*Work to be completed*
Transcribe everything in the listing below exactly, except the pictures.

---- The data

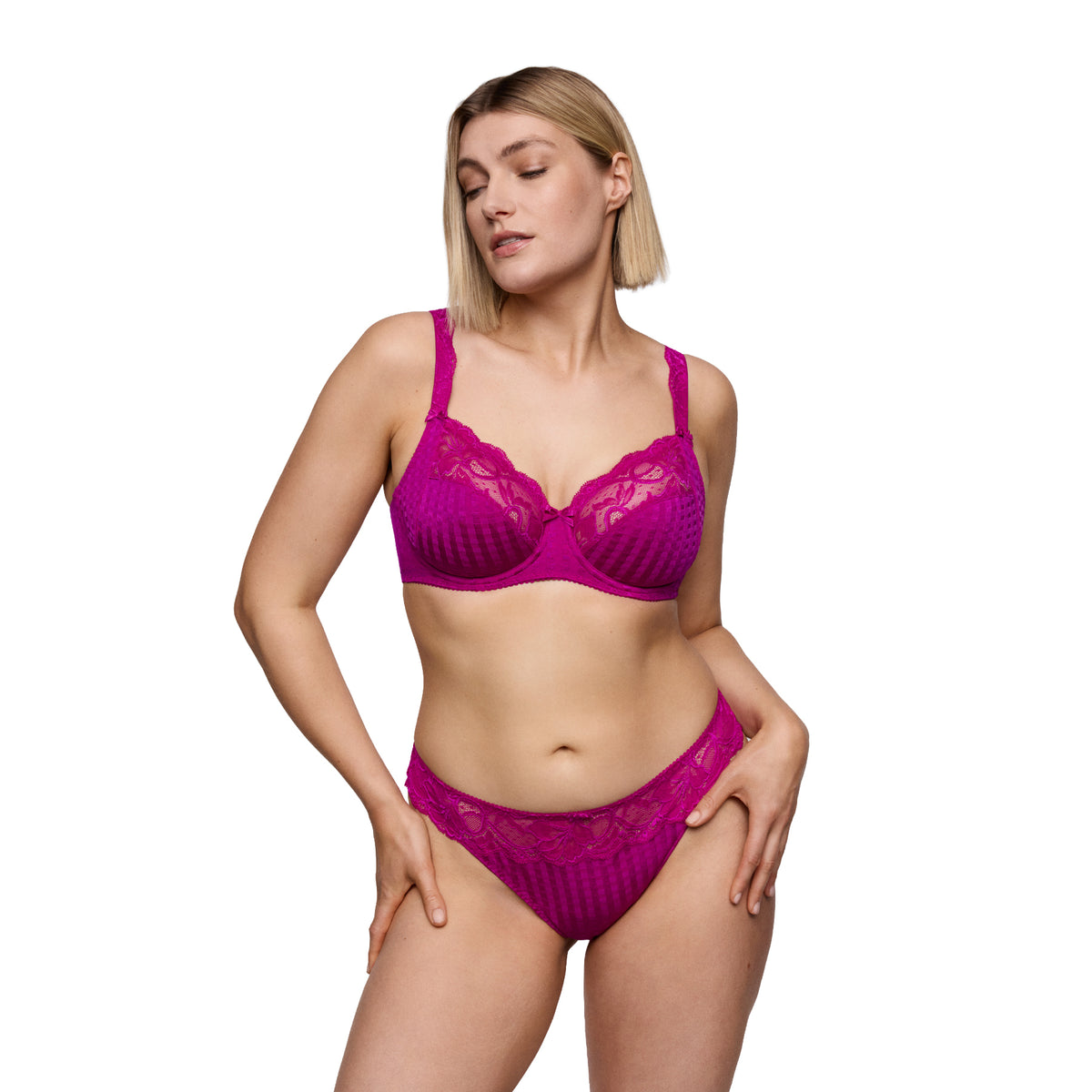 Model wearing the PrimaDonna Madison bra and matching brief in vibrant Wild Rose pink with signature checkered fabric and floral lace.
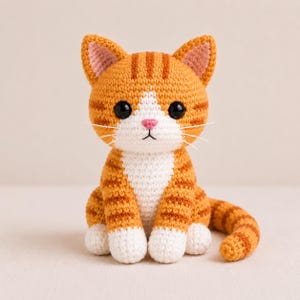 Op de afbeelding: Een handgemaakte gehaakte kat in oranje en wit. De kat heeft grote zwarte ogen, een roze neus en witte snorharen. Het lichaam is oranje met donkerdere oranje strepen. De oren zijn oranje met roze binnenkant. De kat zit met opgerolde staart.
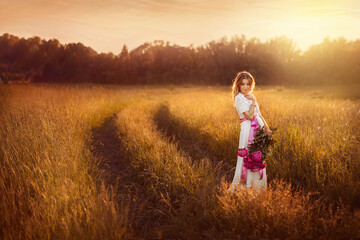 A pregnant woman in a white dress with a bouquet of peonies in a field at sunset.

--------

*The completed task*
 Model wearing the PrimaDonna Madison bra and matching brief in vibrant Wild Rose pink with signature checkered fabric and floral lace.
 Op de afbeelding: Een handgemaakte gehaakte kat in oranje en wit. De kat heeft grote zwarte ogen, een roze neus en witte snorharen. Het lichaam is oranje met donkerdere oranje strepen. De oren zijn oranje met roze binnenkant. De kat zit met opgerolde staart.
 A pregnant woman in a white dress with a bouquet of peonies in a field at sunset.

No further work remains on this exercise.